Keywords: ApoE, apolipoprotein E, HDL, Alzheimer's disease, Size-exclusion HPLC
1. Introduction
In the human population, apolipoprotein E (apoE) is found in three major isoforms, which differ at two amino acid positions. The APOE ε4 allele, found in 13% of the general population, is the predominant risk factor for late-onset Alzheimer's disease (AD), whereas APOE ε2, found in approximately 10% of the population, confers protection, and APOE ε3, present in most patients, provides an intermediate level of risk [1]. One ε4 allele increases the risk over ε3 by 3.7-fold; two ε4 alleles increase the risk by 12-fold [2]. In patients with ε4/ε4, 91% eventually suffer from AD, whereas little AD is seen in ε2/ε2 subjects. ApoE2 is also associated with less cognitive decline during aging [3]. In addition, two ε4 alleles reduce the age of disease onset by 15 years. The question of how apoE4 contributes to AD is therefore of major public health significance.

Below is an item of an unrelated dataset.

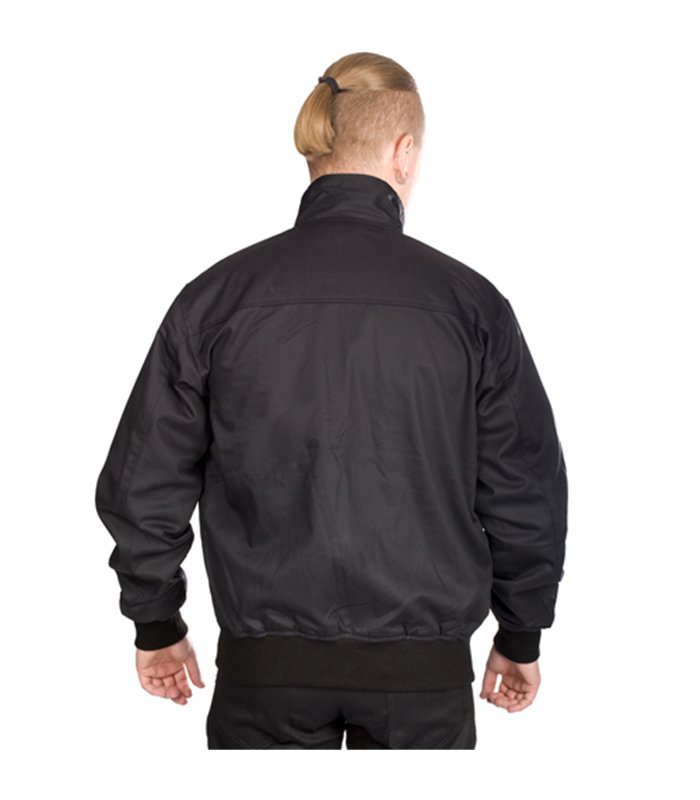 Mode Wichtig Casual Jacket Schwarz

Astrocytes, the principal exporters of apoE in the brain, undergo complex changes early in the course of AD [4]; however, neurons and microglia also produce significant amounts of apoE. ApoE expression is greatly increased after traumatic brain injury, and apoE strongly promotes synaptogenesis [5]. APOE ε4 transgenic mice develop more brain atrophy and neurodegeneration and exhibit astrocytic activation and tumor necrosis factor α (TNF-α) release, suggesting a toxic gain of function [6]. These results suggest that apoE is intimately involved in neuronal maintenance, growth, and repair. However, no explanation has yet emerged that could explain the protective effects of apoE2 or the high prevalence of late-onset AD in APOE ε4/ε4 patients.

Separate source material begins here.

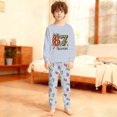 thumbnail image 3 of CHENge Toddler Kid 67 Pajamas Set 6 7 meme Top 2Pcs Clothes Sets Six Seven Boys Girls Christmas Casual Clothes Outfit for Girls and Boys, 3 of 5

The strong risk effect of apoE4 is reflected in the fact that the three-dimensional structure of apoE differs greatly among the three major isoforms. Nuclear magnetic resonance and X-ray crystallographic studies of the receptor-binding NH2 domain of apoE3 (residues 1–191) showed that apoE exists as a four-helix bundle, with basic amino acids clustered onto a surface patch (residues 136–150) of one helix [7], [8]. The linker between the NH2 and CO2H-terminal domains becomes less protease-sensitive on lipid binding. Molecular modeling studies have shown [9] that apoE4 is topologically less rigid than apoE3 and can exist in a “molten globule” state.

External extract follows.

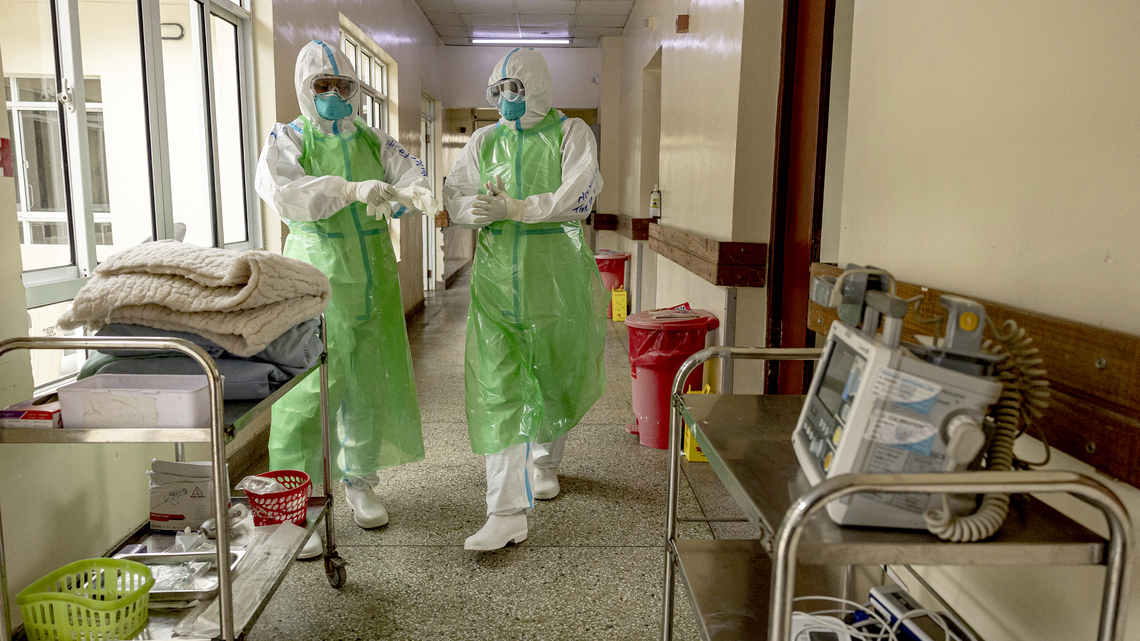 Missing contacts obscure Congo Ebola outbreak's true extent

Nuclear magnetic resonance [7] and hydrogen-deuterium exchange mass spectrometry studies [10], [11], [12] also showed that Arg112 interacts with Lys95, leading to a marked change in protein folding. On the basis of these and other structural studies, phthalazinone derivatives known as “correctors” were designed in an attempt to inhibit this interaction and convert apoE4 to an E3-like configuration [13]. However, apoE is not usually found free in solution, but is lipidated and assembled in large, stable high-density lipoprotein–like particles. Lipidation has a major contribution to apoE configuration; for example, it enables apoE4 to adopt a closed conformation [14], which somewhat mimics the effect of the phthalazinones. ApoE4 is less lipidated in cerebrospinal fluid [15], but is the most lipidated form in astrocytes [14]. Thus, modifying the lipidation state of apoE4 particles may be an alternative means of mitigating AD pathology.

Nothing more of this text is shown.